I like to think that 2013 is off to a bitchin start. We are embarking on a whole new phase in our lives and have a solid plan on how to achieve our little homesteading dream. I’m feeling engaged by all of my extracurriculars and am cautiously optimistic about finding a sustainable way to generate income that won’t compromise my values. My friends and family are all happy, healthy and doing well and my chickens are fat, happy and laying. Shoot, we even splurged and bought cookies for desert this evening – which we never do because we are sugar addicts and enablers. Life is good.
But, as in all things, there is a balance. Equilibrium, apparently, must be maintained in all things. Good needs bad. Dark needs light, and so on. In my case, this “balance” has been achieved by robbing me of mine. Entirely. Totally. Utterly. I swear I have busted more ass in the first month of 2013 than in the last 5 years. And not just in the little ways.
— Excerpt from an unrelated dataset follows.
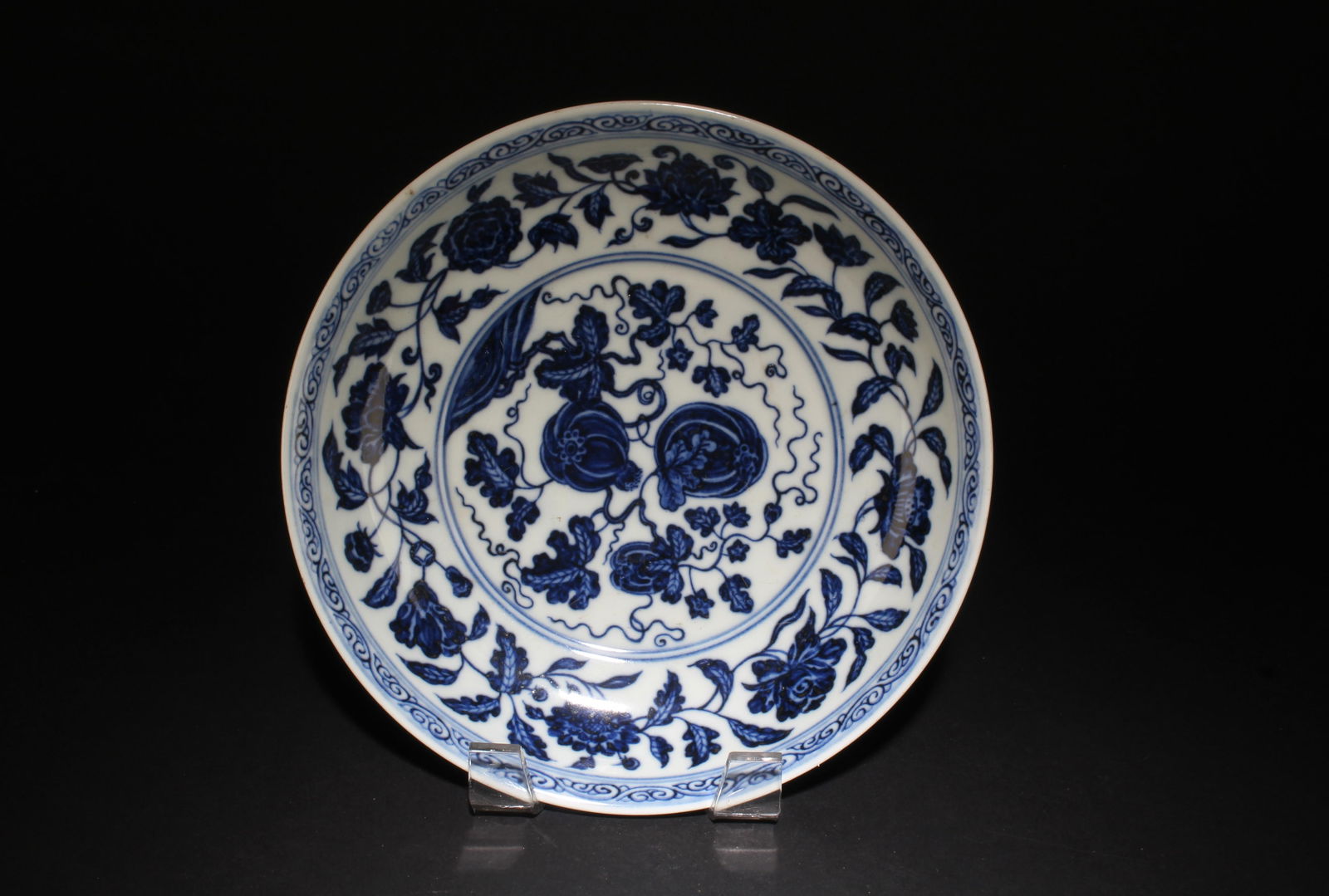 A Blue and White Plate with Flower Motif: A Blue and White Plate with Flower Motif. Dimensions: 8" x 1.6".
Not just tripping over hiking boots by my front door or getting my feet tangled in the viney remains of our St. Augustine and almost crushing the chickens. I’m talking full-blown face plants and 4 points of contact straight to the ground at velocity.
Take, for example, our 2nd ever Souf Side progressive potluck. A progressive potluck is when you and select friends (the ones you happen to live closest to) eat a 5 course meal with one meal at each house, punctuated by frosty adult beverages and short but eventful bike rides to each domicile. On the way to our house, I slipped (due in large part to the flip-flops I never wear when riding) and landed on my left toes, left knee, left hand and left elbow all at once, with my elbow and knee bearing the brunt of the fall. It was brutal. The kind of fall that leaves you queasy for 15 minutes after and makes you have to sleep on your right side all week, because you can’t comfortably lay on your left. It was a sight to behold. Yet….Somehow…..Nothing compared to the magnum opus face plant I experienced just a week prior. Words do not adequately convey the annoying and unnecessary stupidity of that fall. Luckily for you…Michel got it on video. Of course.
Luckily for me, the ambient temperature was well below freezing and zero. In other words, no need to hold a frozen pork chop to your face when its colder outside than frozen meat.